● **Problem to work on**
Everything in the records except the pictures should come back exactly as written.

*** Block opens ***

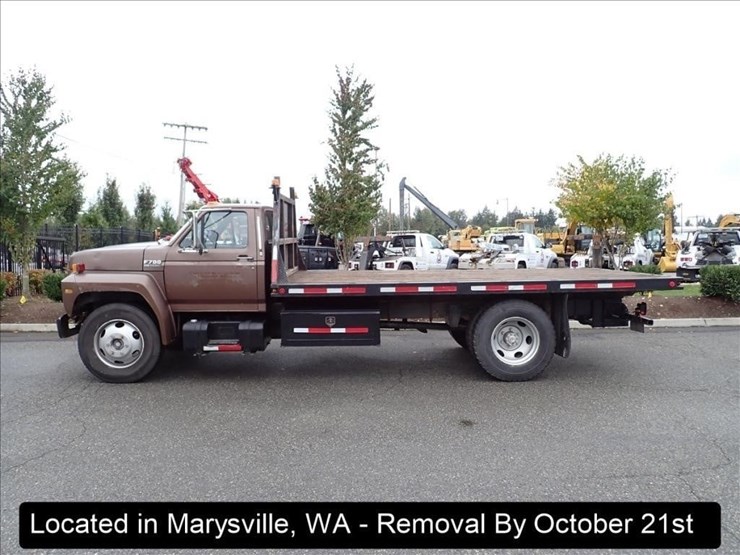 1993-ford-f700-image-3
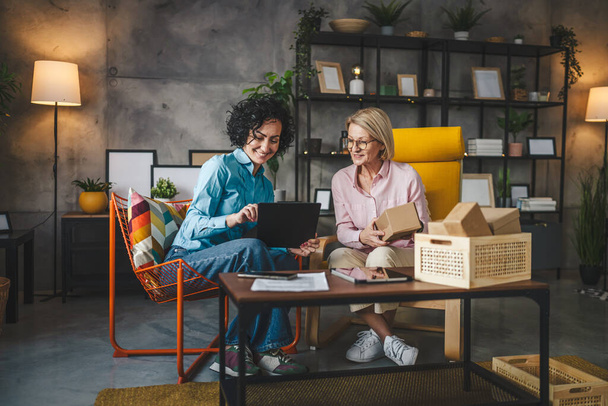 deux femmes caucasiennes matures entrepreneur à la maison pack boîtes ordre de produit pour la livraison concept de petite entreprise - Photo, image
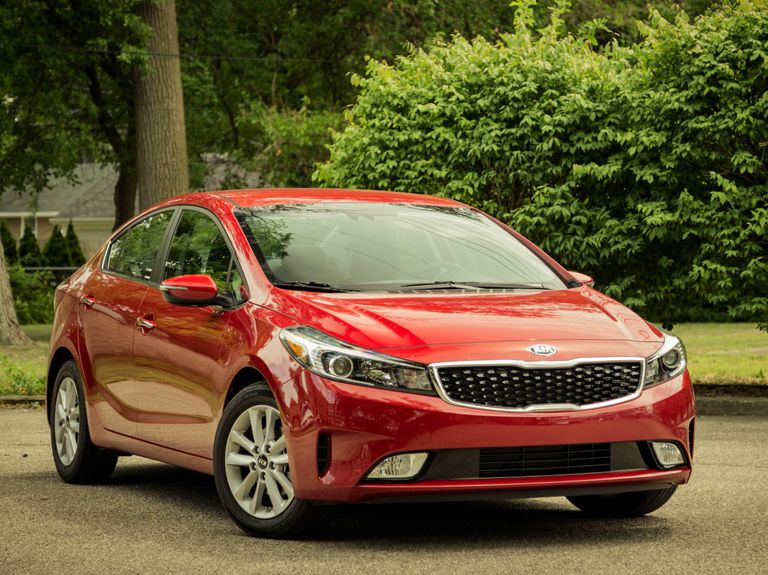 2017 Kia Forte / Forte5 Review, Pricing, and Specs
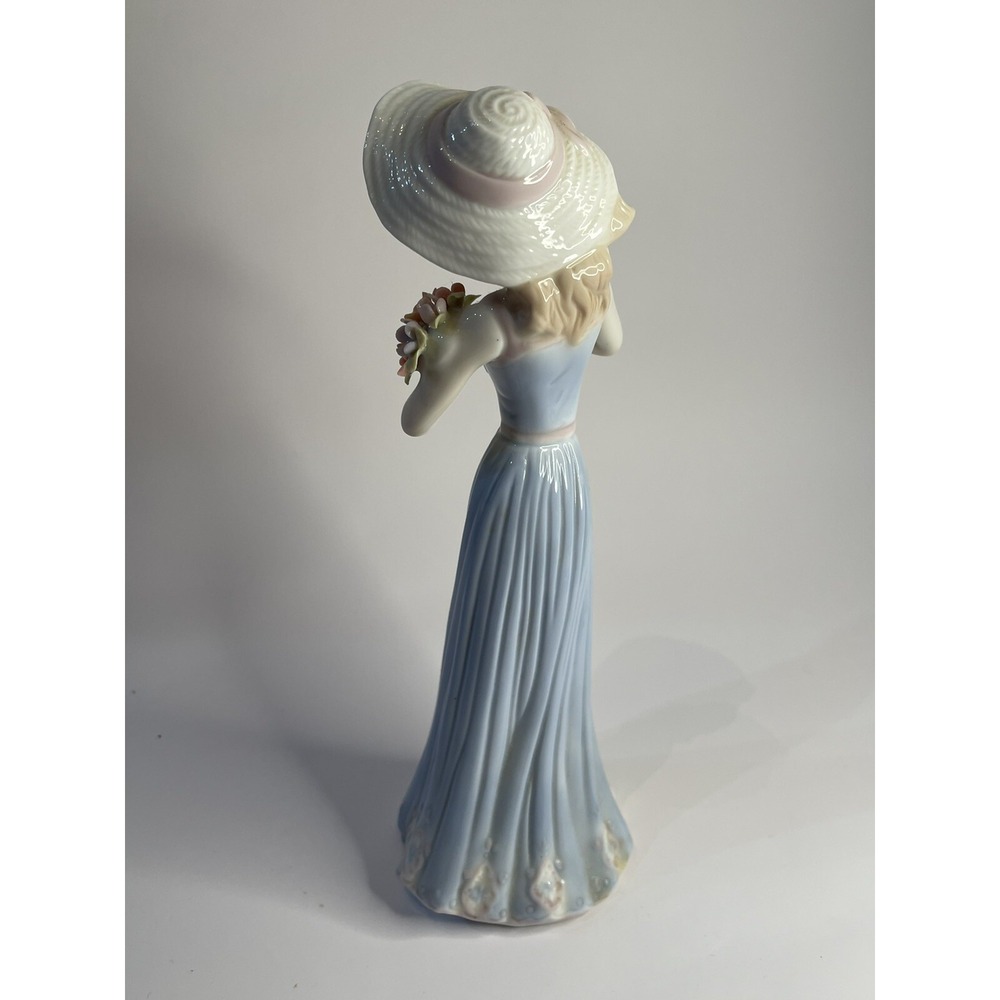 VINTAGE HOUSE OF LLOYD PORCELAIN LADY FIGURINE GATHERING FLOWERS 1998 - Picture 4 of 7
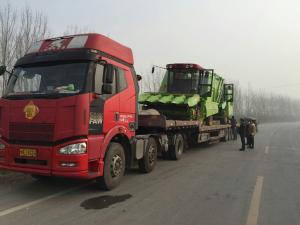 大年還沒過完，農民朋友就需要我們的產品，今天又發往三河市兩臺穗莖兼收玉米收獲機 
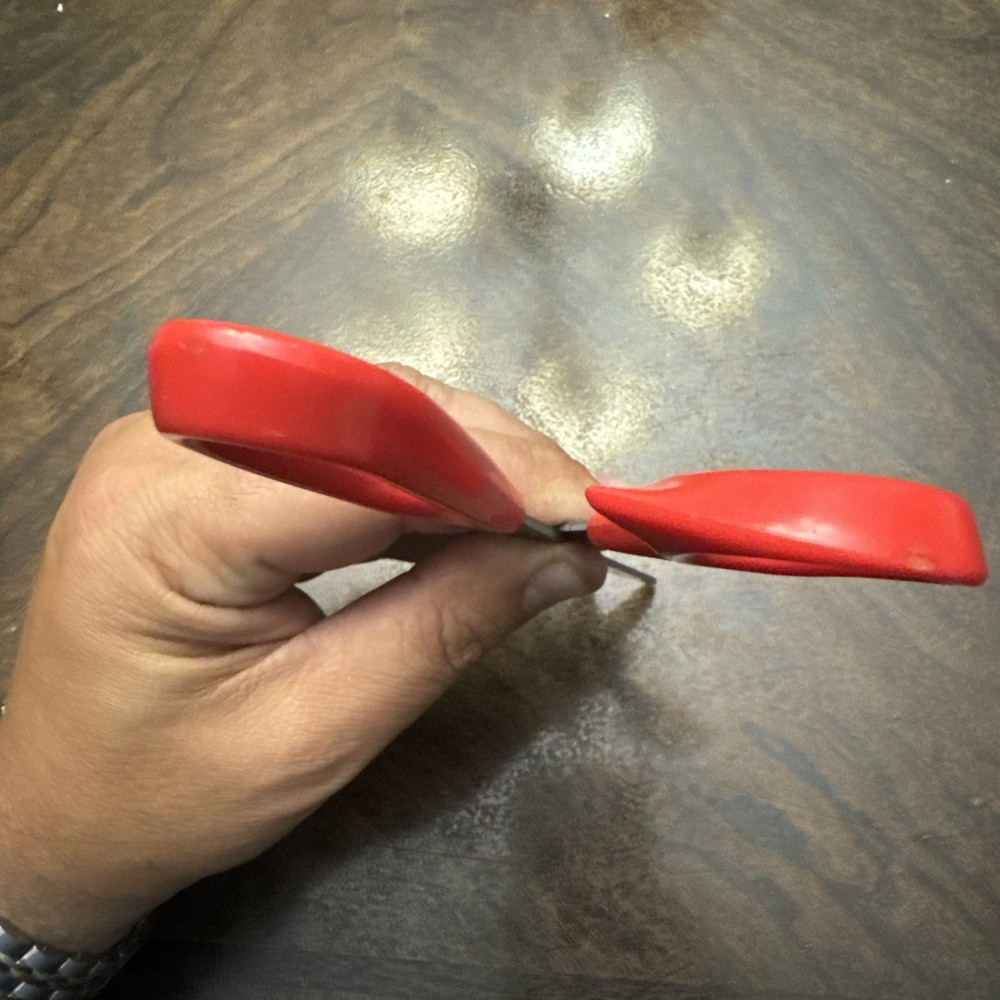 Vintage Comfortable High-Performance 8 Inch Red Scissors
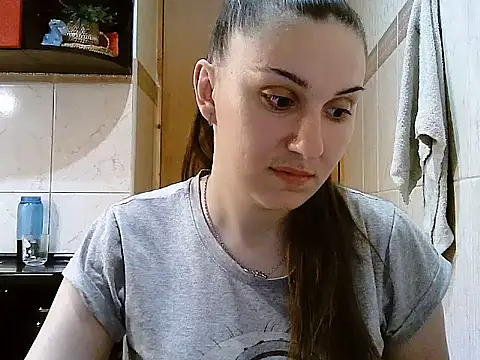 Yuliia30 online show from 06-04-26, 04:55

*** Block closes ***

● **Solution for this problem**
 1993-ford-f700-image-3
 deux femmes caucasiennes matures entrepreneur à la maison pack boîtes ordre de produit pour la livraison concept de petite entreprise - Photo, image
 2017 Kia Forte / Forte5 Review, Pricing, and Specs
 VINTAGE HOUSE OF LLOYD PORCELAIN LADY FIGURINE GATHERING FLOWERS 1998 - Picture 4 of 7
 大年還沒過完，農民朋友就需要我們的產品，今天又發往三河市兩臺穗莖兼收玉米收獲機 
 Vintage Comfortable High-Performance 8 Inch Red Scissors
 Yuliia30 online show from 06-04-26, 04:55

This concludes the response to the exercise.